Mills did not witness the Cuban missile crisis occurring soon after he died of a heart attack in March of 1962. He would not have been surprised by the military metaphysics pushing the U.S. and Soviet Union to the brink of mutually assured destruction. Moreover, he did not live to witness the invention of arms control, but he likely would have suggested it is a notable but insufficient managerial response by the power elite to a crisis of their own making. Absent concerted public mobilization against over-arching military metaphysics, expressed through crackpot realism, instability and crises, are bound to recur. Indeed, the Cuban missile crisis was the first precipice of the nuclear era and highlighted the perils of escalation in the context of overt confrontation. The Able Archer exercise of 1983 was the second precipice and depicted the perils of deterrence in practice absent moral or democratic control of ascendant military metaphysics in the U.S. and the Soviet Union.
Able Archer 83: The second precipice of the nuclear age
Mills’s concerns in 1958 were echoed by E.P. Thompson two decades later. What Mills defined as a military metaphysics, Thompson (1980) labeled a nuclear “exterminism.” Both described a rational ordering of affairs dedicated to the continual preparation for war, even if it unwittingly created what it so resolutely anticipated. Thompson (1980: 24) argued: At a certain point, the ruling groups come to need perpetual war crisis, to legitimize their rule, their privileges and their priorities, to silence dissent, to exercise social discipline, and to divert attention from the manifest irrationality of their operation. They have become so habituated to this mode that they know no other way to govern.
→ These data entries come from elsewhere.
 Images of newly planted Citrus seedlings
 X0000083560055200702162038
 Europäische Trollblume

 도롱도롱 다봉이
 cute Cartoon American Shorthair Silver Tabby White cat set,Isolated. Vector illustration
Three years after Thompson’s warning, NATO forces conducted a command-post military exercise designated Able Archer. It simulated the outbreak of conventional war with the Warsaw Pact and then NATO procedures for the launch of nuclear weapons, but it threatened to provoke a mistaken counter-response as many Soviet leaders feared it was the pretext for a surprise attack (Pry, 1999). Able Archer personifies crackpot realism. It was intended to be as realistic as possible, and it was rational within the distorted worldview of military planners. But it threatened to produce deeply irrational outcomes. Able Archer is distinct from the overt brinksmanship of the Cuban missile crisis but illustrates the same underlying dynamics. It was not a breakdown of the system of deterrence between quarreling superpowers but a moment wherein the dangerous underpinnings of deterrence in practice became starkly visible.
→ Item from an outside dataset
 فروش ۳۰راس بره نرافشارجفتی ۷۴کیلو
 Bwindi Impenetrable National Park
Deterrence theory stipulates that peace is maintained by demonstrating the capacity and resolve to counter aggression with an unacceptably punishing response (Brodie, 1946; Waltz, 1990). It has kept the nuclear powers from going to war, directly, but it is dependent upon the signaling of credible readiness that is prone to misinterpretation, mistrust, complexity, and tight-coupling. Able Archer highlights this tension. Indeed, if nuclear war occurs it will almost surely happen accidentally. Sifting through the ruination, the root cause will be a military metaphysics untethered to democratic and moral reasoning, instantiated through realistic planning reflecting distorted assumptions and exaggerated threats, and complexity that quickly overtakes prudent human decision-making. Mills (1958: 49) argued: Never before has there been an arms race of this sort—a scientific arms race, with a series of ultimate weapons, dominated by the strategy of obliteration. At every turn of this “competition” each side becomes more edgy and the chances become greater that accidents of character or of technology. . .will trigger the sudden ending.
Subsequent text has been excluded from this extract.